Among a lot of other shitty things, 2017 is officially the year of clusterfuck festivals. It all started with the disaster to end all disasters—Fyre Festival, where thousands of rich millennials had to sleep in refugee tents in a hurricane surrounded by feral dogs and no actual music acts. I mean, it was terrible but also, lol. That’s what happens when you pay $100K for a festival put on by an early 2000s rapper. The latest fuckup fest took place across the pond in England at Cheese Fest, where a shit ton of cheese lovers came out to embrace in their passion for raclette, mozzarella and gouda—oh my! But things went horribly awry.

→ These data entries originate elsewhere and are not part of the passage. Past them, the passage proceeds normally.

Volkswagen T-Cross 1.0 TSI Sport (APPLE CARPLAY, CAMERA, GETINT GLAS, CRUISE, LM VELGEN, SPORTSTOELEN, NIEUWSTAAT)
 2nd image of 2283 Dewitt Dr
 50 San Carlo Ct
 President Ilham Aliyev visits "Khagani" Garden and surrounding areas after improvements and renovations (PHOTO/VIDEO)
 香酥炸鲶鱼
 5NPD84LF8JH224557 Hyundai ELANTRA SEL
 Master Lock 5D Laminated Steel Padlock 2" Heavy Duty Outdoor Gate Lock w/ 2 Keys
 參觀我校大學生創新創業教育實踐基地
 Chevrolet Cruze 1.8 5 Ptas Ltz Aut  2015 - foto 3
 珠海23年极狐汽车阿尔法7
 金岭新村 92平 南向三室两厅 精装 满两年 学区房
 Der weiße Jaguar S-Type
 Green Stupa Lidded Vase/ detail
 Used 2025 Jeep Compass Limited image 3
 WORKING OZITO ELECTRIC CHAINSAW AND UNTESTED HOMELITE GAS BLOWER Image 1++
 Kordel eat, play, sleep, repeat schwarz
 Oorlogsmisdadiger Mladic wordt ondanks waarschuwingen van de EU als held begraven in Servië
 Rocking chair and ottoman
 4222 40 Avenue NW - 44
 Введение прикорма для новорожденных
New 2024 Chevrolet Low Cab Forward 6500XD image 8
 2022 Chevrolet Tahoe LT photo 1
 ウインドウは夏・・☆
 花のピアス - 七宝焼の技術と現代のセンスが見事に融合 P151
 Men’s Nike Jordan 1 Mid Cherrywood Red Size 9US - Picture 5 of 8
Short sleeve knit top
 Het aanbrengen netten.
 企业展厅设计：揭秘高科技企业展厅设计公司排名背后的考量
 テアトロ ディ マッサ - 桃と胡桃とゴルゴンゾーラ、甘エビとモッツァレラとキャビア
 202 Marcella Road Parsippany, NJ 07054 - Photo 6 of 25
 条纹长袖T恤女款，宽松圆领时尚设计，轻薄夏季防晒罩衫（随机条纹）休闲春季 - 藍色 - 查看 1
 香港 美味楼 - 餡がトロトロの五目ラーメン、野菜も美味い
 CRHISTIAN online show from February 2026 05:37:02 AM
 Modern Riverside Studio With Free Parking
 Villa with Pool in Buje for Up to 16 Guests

What happened at Cheese Fest? Were attendees served a slice of Kraft singles on a piece of Wonderbread passed off as a gourmet meal? No. It was worse. They ran out of cheese. I repeat, the cheese festival ran out of cheese. YOU HAD ONE JOB, ENGLAND.
Look… Were people endangered by being flown to island with no proper food or shelter during a tropical storm? No. But they were promised cheese and they didn’t get it. That’s worse, IMO. In addition to a cheese-less festival of cheese, there were crazy long lines. But like, what were y’all in line for? There wasn’t any cheese. In response to the freak out over lack of cheese, the organizers claimed they didn’t expect such a high demand for cheese. Oh really? At the fucking Cheese Fest? That’s like the Fyre Festival organizers saying they didn’t plan on people wanting to hear music or not die in a hurricane.
Here’s the lesson, people: Host your own fucking cheese fest. Publix has a nice cheese aisle with all you’ll ever need and you won’t run out (#NotAnAd). Fucking duh. Oh, and just a friendly reminder to never go to any event hosted by Ja Rule.